Microsoft Corp’s upcoming Windows Vista computer operating system will include technology that is designed to prevent pirated copies from fully functioning, the software giant said.
Reduced functionality is already a part of the Windows XP activation process, but Windows Vista will have a reduced functionality mode that is enhanced, Microsoft said on its Web site on Wednesday.
Microsoft said the upcoming releases of Windows Vista and also Windows Server “Longhorn” will be the first two products to ship with the new anti-piracy measures included, but more Microsoft products will eventually adopt the technology.
Windows Vista systems must activate with Microsoft as genuine within 30 days and failure to do so will result in “reduced functionality mode” until successful validation occurs, Microsoft said.
Customers that use genuine versions of Windows Vista will get an enhanced set of features that will not work on non-genuine or unlicensed versions of Vista, it said.
Users of non-genuine Windows Vista software will also be notified by the appearance of a persistent statement in the lower right hand corner of their desktop that reads: “This copy of Windows is not genuine.”

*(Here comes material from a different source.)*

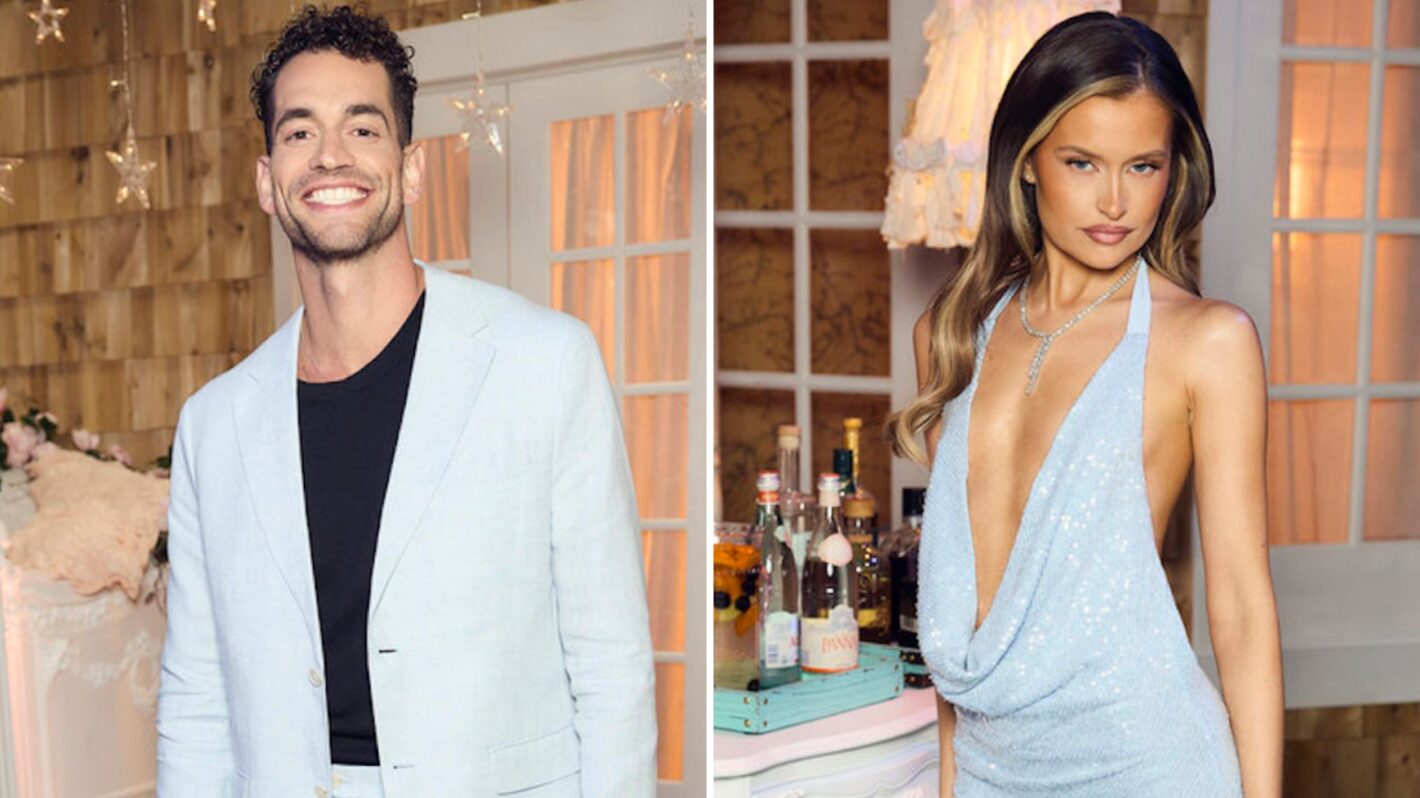 Jesse Solomon and Lexi Wood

A Wall Street analyst said on Wednesday that Microsoft will most likely ship the Windows Vista system on time and meet its deadline for both corporate and retail consumers.
Goldman Sachs analyst Rick Sherlund sent a note to clients saying Microsoft may be ready to send the final test version of its much-anticipated Windows upgrade later this week or next week, indicating that Vista will be available for business customers in November and retail PCs by late January.
Windows Vista, five years in the making, has been postponed by Microsoft several times.
Microsoft Windows sits on more than 90 percent of the world’s personal computers and the Windows business accounts for about 30 percent of the company’s $44 billion in revenue.